Monday, April 1, 2013

What just happened?


1 Corinthians 15:1-11

          The Lenten Journey is one you may or may not have embraced. Certainly Easter has the power to transform us, illuminate our life, to help us realize the power of Gods' saving grace and love in our life.  Of course it could simply be attendance at an obligatory service that means virtually nothing to you. If someone died for me, just for me, I think it should hold some sway in how I act and how I live from now on. So what just happened? Jesus died a miserable death, saved you and me and rose again to give us hope for now and for eternity.

           Paul was not a likely candidate to be a Christian.

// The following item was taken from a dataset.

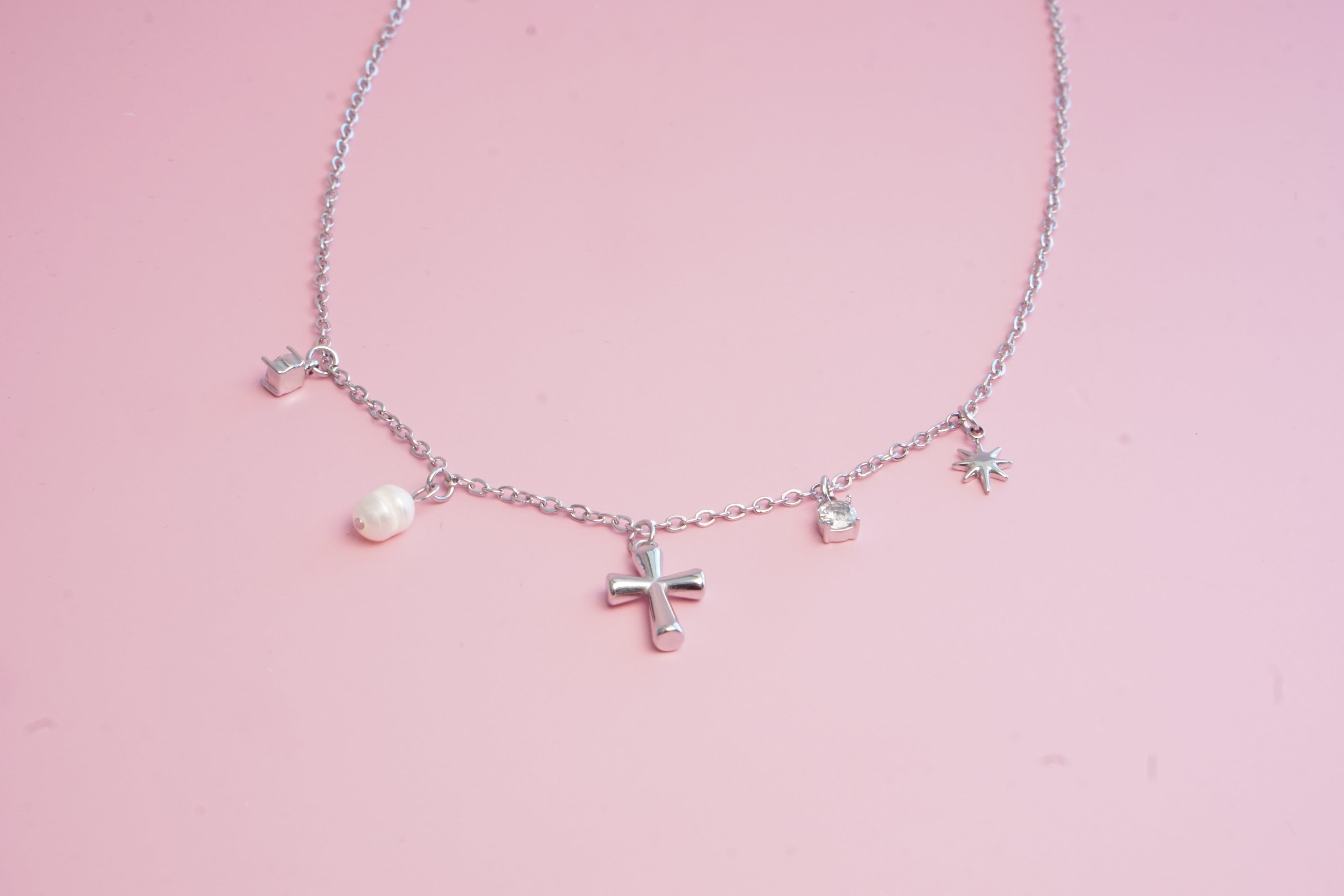 COLLAR DE CRUZ Y ESTRELLA CON PERLA Y CRISTALES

Far from it, he persecuted them but there is always the possibility of starting over, staring anew and that is a message that is central to Jesus' message and of his rising.

           The least likely candidate, perhaps that's you, perhaps that's what you've been told all your life, perhaps since coming out, well you are the saved one, the beloved one in Jesus' eyes. You may feel like the least, to God you are the most.

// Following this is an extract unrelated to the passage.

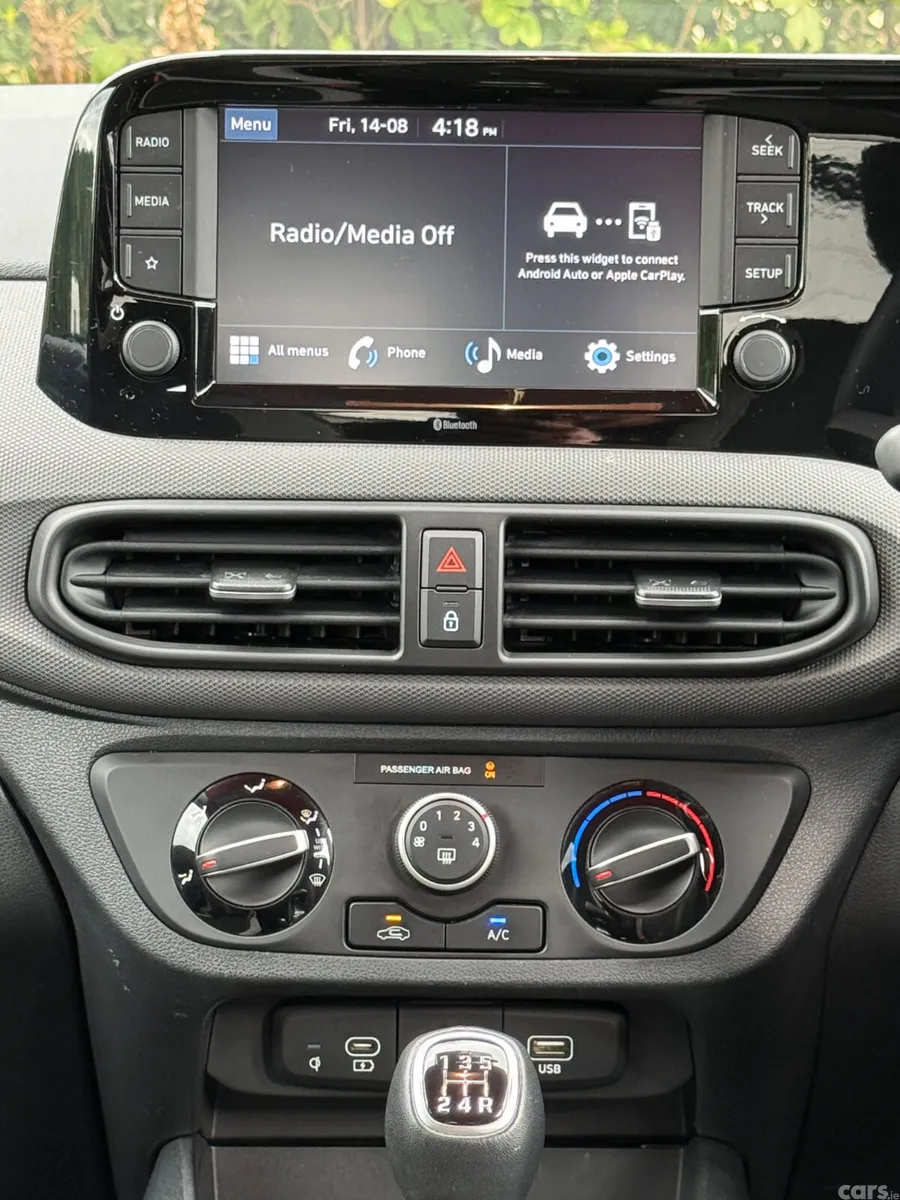 Hyundai i10 Hatchback, Petrol, 2023, Grey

          What just happened? You have been told (shown) that you are the best by Jesus and you have a a chance at a new beginning, a fresh start, every day. Don't waste it.  


Now I should remind you, brothers and sisters, of the good news that I proclaimed to you, which you in turn received, in which also you stand, through which also you are being saved, if you hold firmly to the message that I proclaimed to you—unless you have come to believe in vain.
 For I handed on to you as of first importance what I in turn had received: that Christ died for our sins in accordance with the scriptures, and that he was buried, and that he was raised on the third day in accordance with the scriptures, and that he appeared to Cephas, then to the twelve. Then he appeared to more than five hundred brothers and sisters at one time, most of whom are still alive, though some have died. Then he appeared to James, then to all the apostles. Last of all, as to someone untimely born, he appeared also to me. For I am the least of the apostles, unfit to be called an apostle, because I persecuted the church of God. But by the grace of God I am what I am, and his grace towards me has not been in vain. On the contrary, I worked harder than any of them—though it was not I, but the grace of God that is with me. Whether then it was I or they, so we proclaim and so you have come to believe.